[Image above] The LEAP engine developed by GE Aviation contains SiC/SiC composite high-pressure turbine shrouds. Credit: Pixabay
The secret to an airplane’s improvement is the fact that cold air is denser than hot air. Thus, when aircraft engines pull in cold air, they are pulling in a greater mass of air with each stroke, which allows them to generate more power.
However, the opposite is also true—hotter air is less dense, and thus provides engines with less mass with which to generate power. And as average temperatures around the world continue to climb higher every year, current airplanes are becoming less efficient in the hotter climate.
Fortunately, the temperature of outside air is not the only factor determining an aircraft engine’s efficiency—the temperature of air inside the engine plays a role as well.
When air is pulled into an engine, it mixes with fuel and ignites to generate a high-temperature flow, which escapes out the back of the engine and thrusts the aircraft forward.
The higher you raise the temperature of the air during combustion, the more efficient the fuel consumption will be. In cold weather, raising the temperature during combustion is fairly easy. But to retain that same temperature differential when pulling in hot air, you need to raise the air to ultrahigh temperatures, which many current engines made of metal alloys cannot withstand.
In recent years, engineers have been investigating the design of aircraft engines made of ceramic matrix composites (CMCs). CMCs can withstand much higher temperatures than metal alloys and thus allow for ultrahigh-temperature combustion.
Silicon carbide fiber-reinforced silicon carbide matrix composites (SiC/SiC) are one of the main CMCs being investigated for aerospace applications. Shaping SiC/SiC composites can be challenging, however.
If traditional machining processes are used, the material’s ultrahigh hardness can cause severe tool wear. In addition, its high brittleness can lead to cracks, pits, fiber damage, interface debonding, and other defects on the machined surface.

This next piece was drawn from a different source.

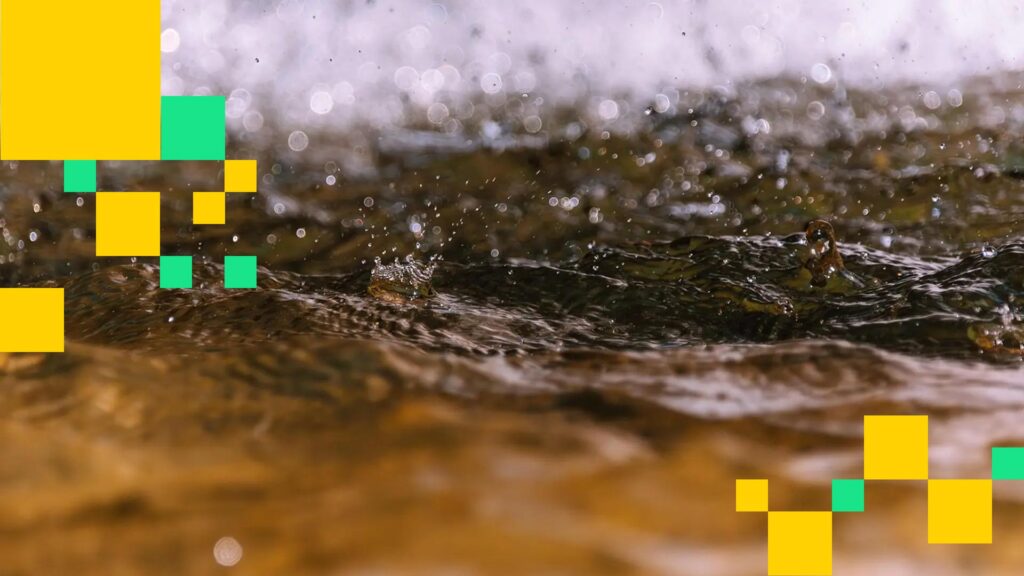 Hyperliquid، 'Based Streams'، یک پلتفرم پخش زنده با قدرت DEX را معرفی می کند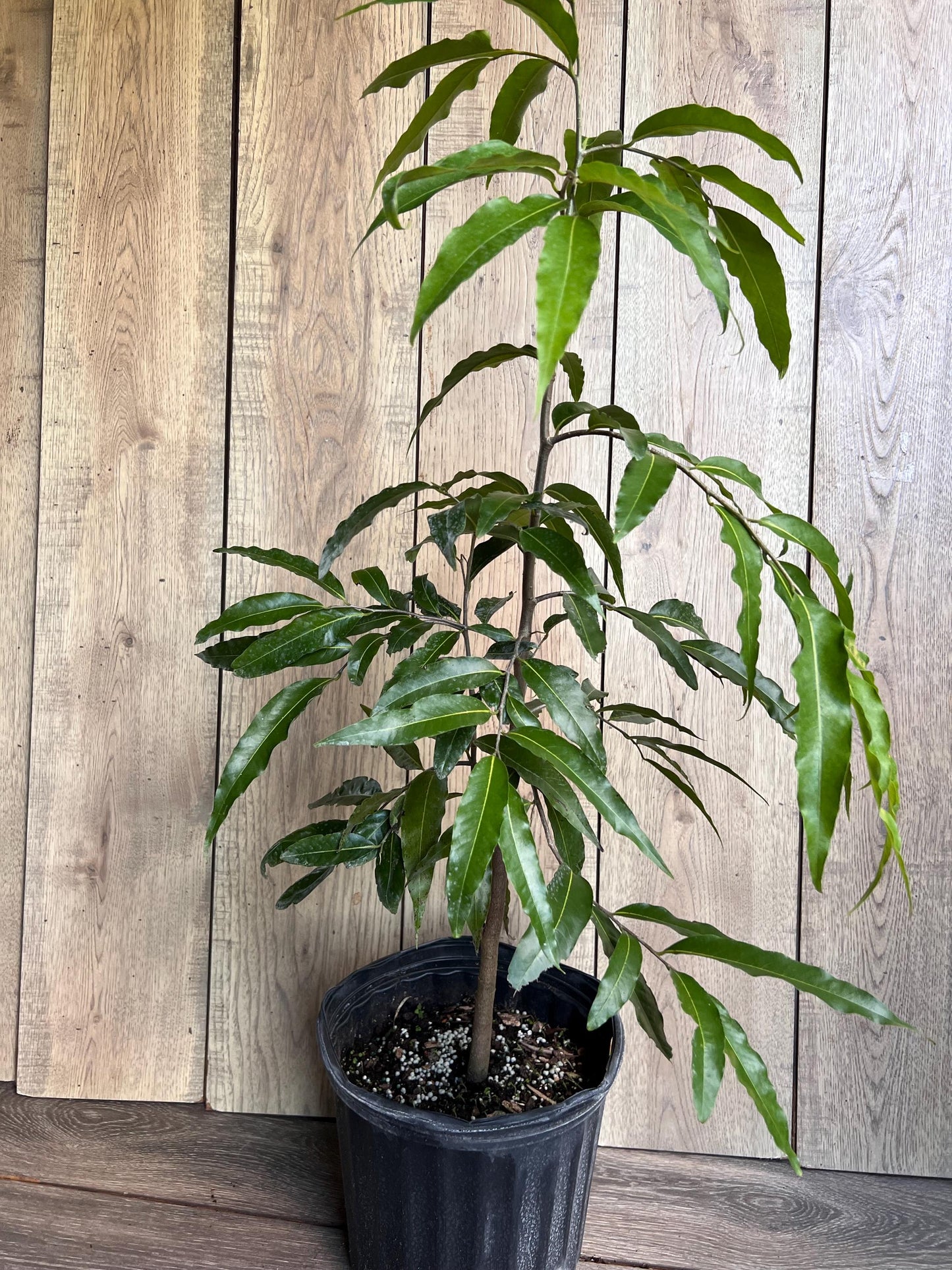 Mast Tree, Polyalthia longifolia in 3 gallon Pot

Studies on other processing methods such as water jet machining, ultrasonic processing, and electric discharge machining have revealed pros and cons for each. For example, water jet machining tends to cause fiber pull-out on the composite’s surface, and the accuracy of ultrasonic machining is limited by the amplitude.
Laser ablation, in which material is removed via irradiation with a laser beam, has also been explored. However, these processes commonly result in poor surface quality due to the laser inducing thermal stress concentration that leads to fiber breakage, microcracks, and interface delimitation.
In a recent paper, researchers from the Leibniz Institute of Surface Engineering in Germany and the Qingdao University of Technology in China explored the potential of yet another technique for machining SiC/SiC composites—plasma etching.
Plasma etching, also called dry etching, uses a high-speed stream of ionized gas (plasma) to remove material from a solid surface. The technique is well established in the electronics industry, where manufacturers have used it to fabricate integrated circuits for almost 50 years.
Compared to laser ablation, plasma etching is a gentle process that can avoid damaging the SiC/SiC composite structure. “Therefore, we propose the utilization of a laser-induced reactive plasma for removing the SiC/SiC composite material without damage of the composite structure,” the researchers write.
They secured SiC–SiC composite samples from a Chinese fiber company, which fabricated the fibers via the usual methods of chemical vapor infiltration supported by polymer infiltration and pyrolysis. They clamped the samples onto a ceramic heater in a gas-filled process chamber, where a pulsed femtosecond laser was focused by a lens to produce the plasma for etching.
Based on several microscopy and spectroscopy analyses, the researchers concluded that the SiC/SiC composite could be machined using plasma etching without mechanical damage to the composite’s structure.
However, they did observe “exciting” differences in the surface morphologies of the etched areas depending on the location. For example, fibers in the center of the groove were etched more, reducing their diameter. Fibers that were completely etched through on the sides of the groove formed sharp tips. The researchers attribute these differences to various chemical processes that took place during etching in the gas-filled process chamber, such as oxidation of SiC.
“This new SiC–SiC machining process may pave the way for fixing fabrication defects in SiC–SiC components as the fibres are gently exposed enabling a subsequent additive repair,” they conclude.
The paper, published in Ceramics International, is “Etching of SiC–SiC-composites by a laser-induced plasma in a reactive gas” (DOI: 10.1016/j.ceramint.2021.09.084).